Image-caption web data
%%

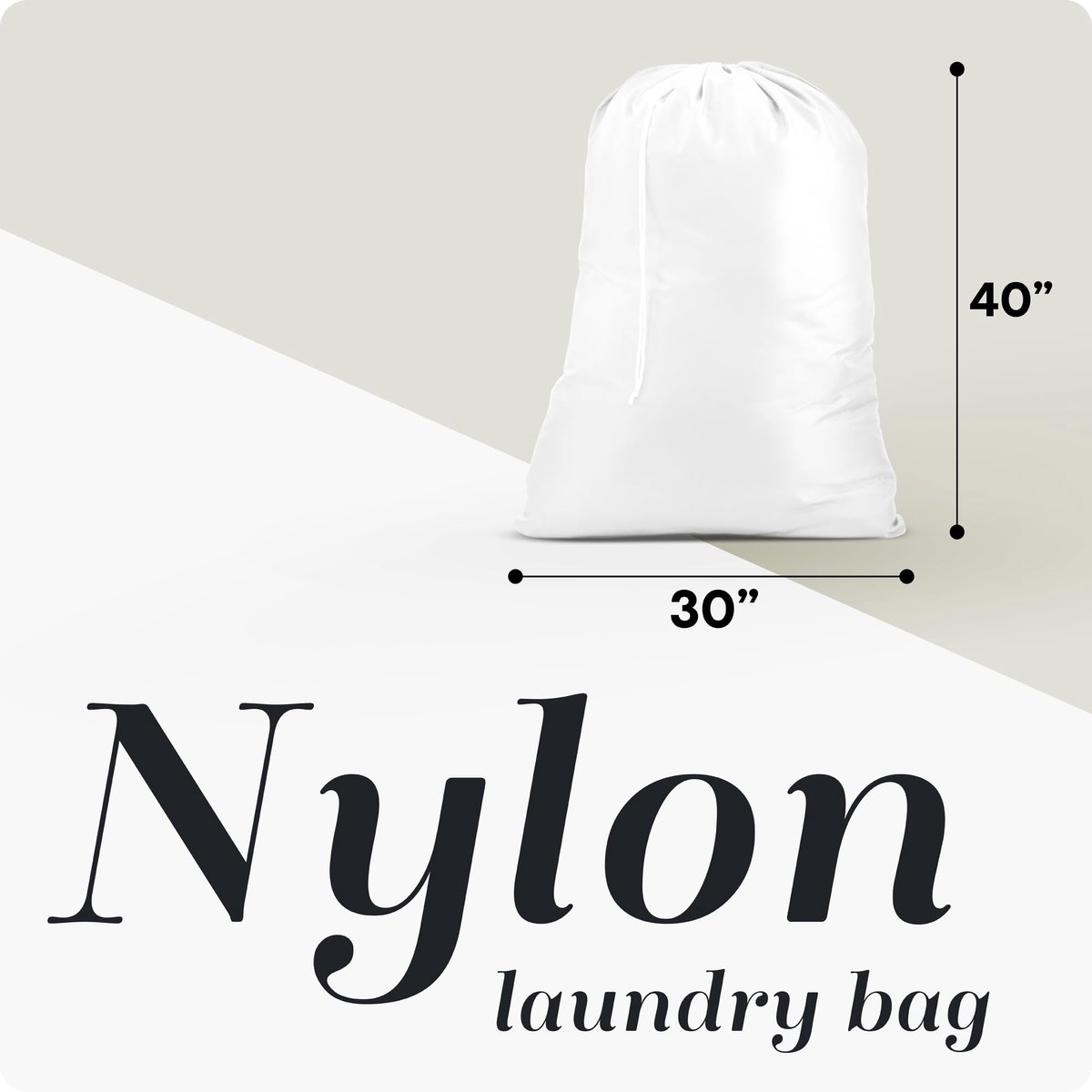 Nylon waszak XL - vergrendelbare trekkoordsluiting - machinewasbaar - ideaal voor grote ladingen kleding - ShopVlot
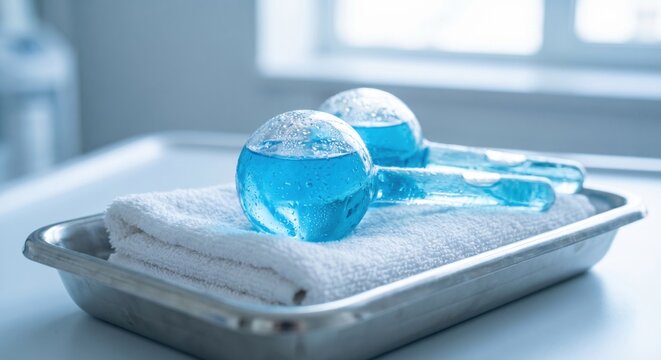 Blue facial cooling cryo globes on towel in spa tray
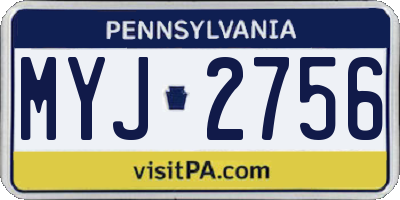PA license plate MYJ2756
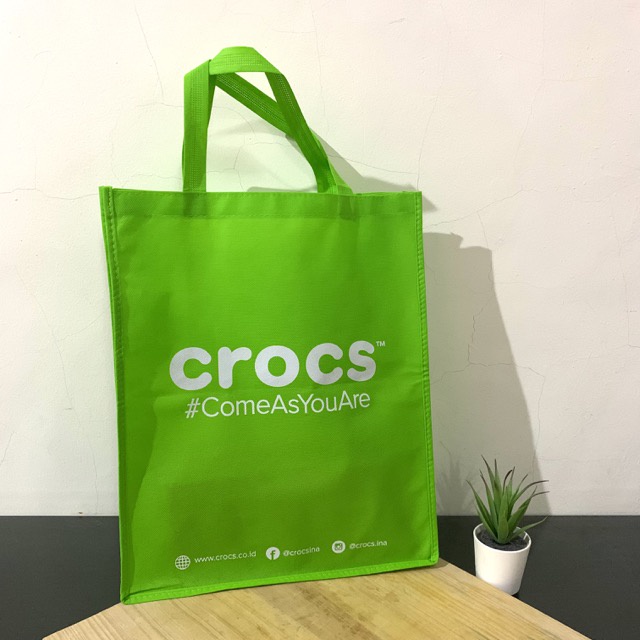 Spunbond Bag Crocs Sepatu Sandal Asli Original Branded Shopping Bag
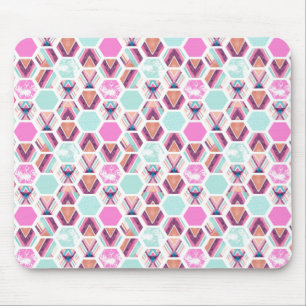 Watercolor Hexagon Pattern Mouse Pad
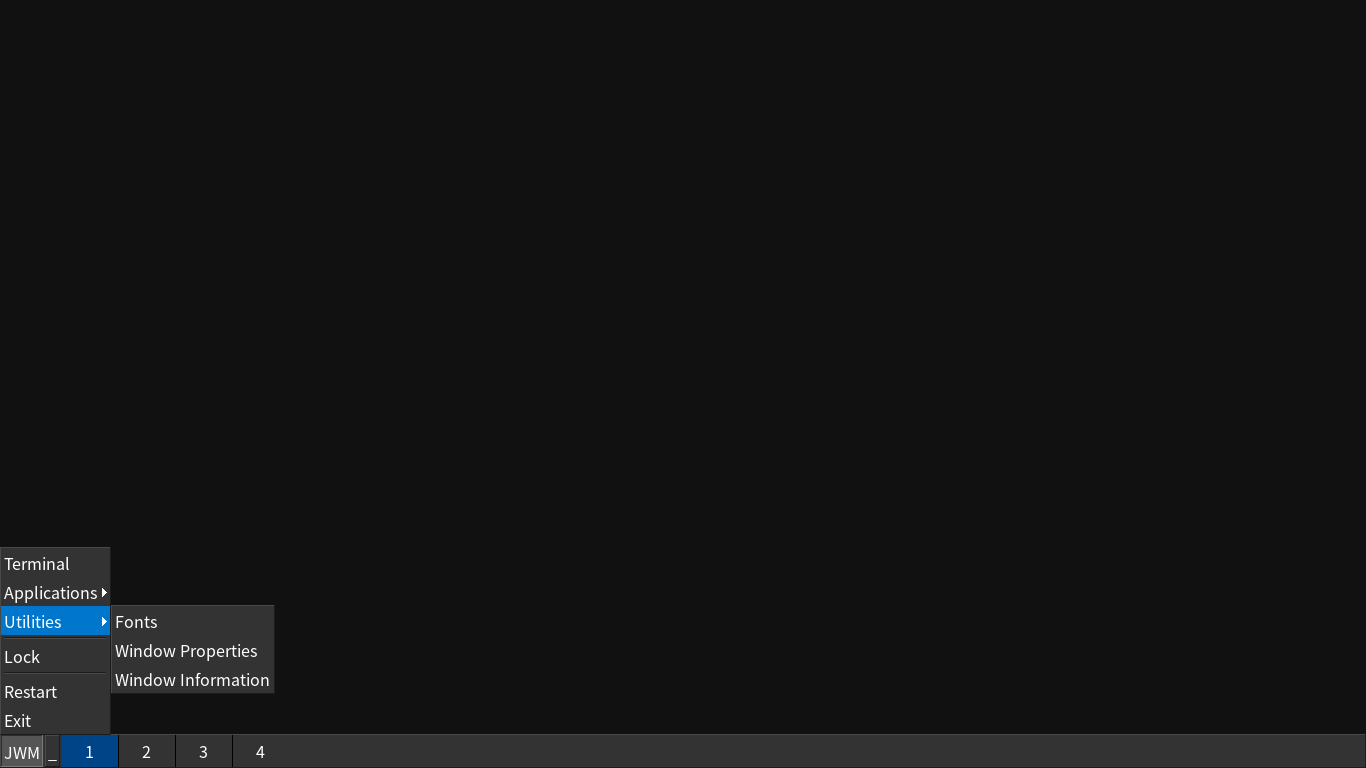 「Alpine Linux 3.23.3 JWM」-「デフォルトのデスクトップ」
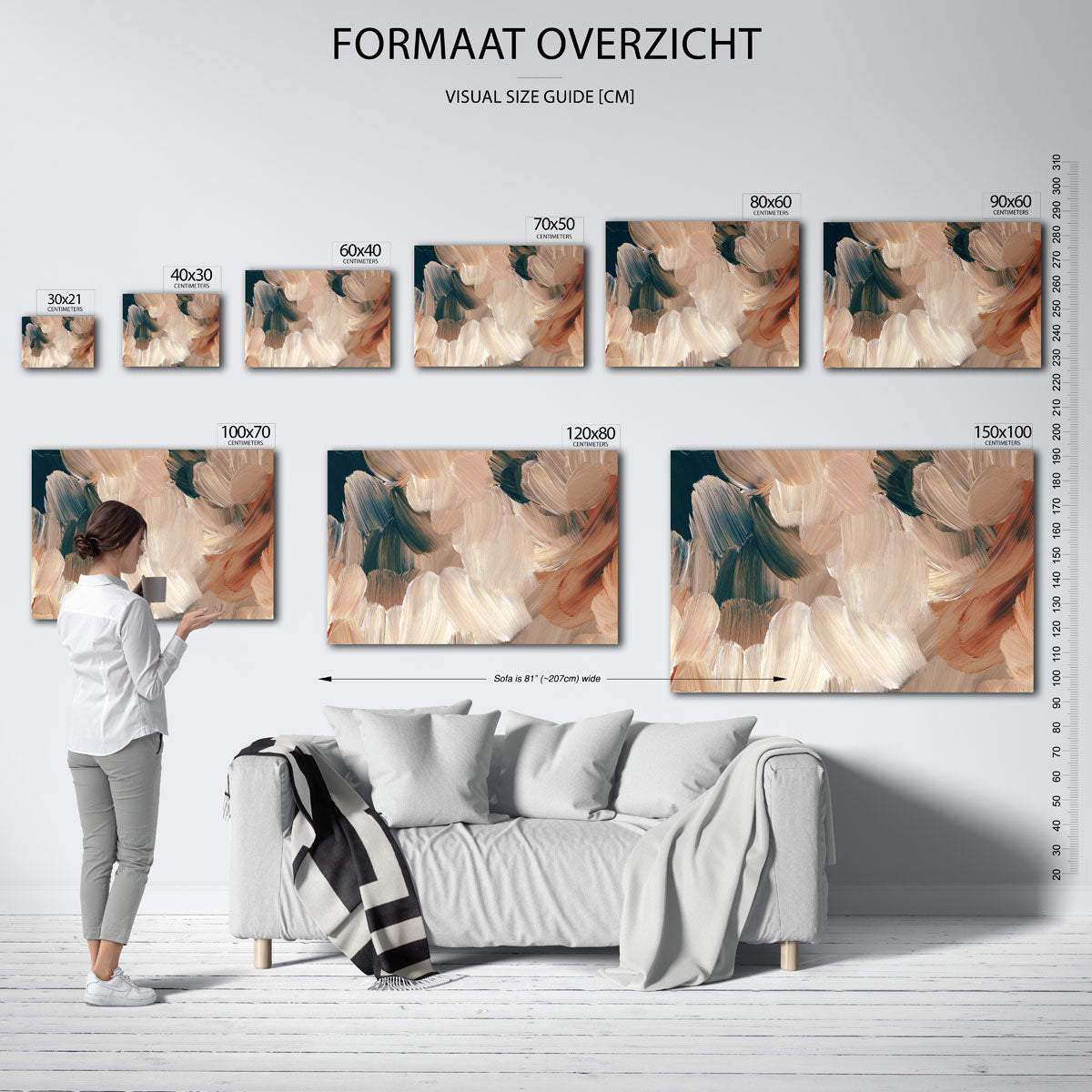 Abstracte penseelstreken Poster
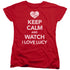 I LOVE LUCY/KEEP CALM AND WATCH - S/S WOMENS TEE - RED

%%

Print the data exactly, from its first line to the line containing "Linux 3.23.3 JWM」-「デフォルトのデスクトップ」", both included. Omit the pictures.

 Nylon waszak XL - vergrendelbare trekkoordsluiting - machinewasbaar - ideaal voor grote ladingen kleding - ShopVlot
 Blue facial cooling cryo globes on towel in spa tray
PA license plate MYJ2756
 Spunbond Bag Crocs Sepatu Sandal Asli Original Branded Shopping Bag
 Watercolor Hexagon Pattern Mouse Pad
 「Alpine Linux 3.23.3 JWM」-「デフォルトのデスクトップ」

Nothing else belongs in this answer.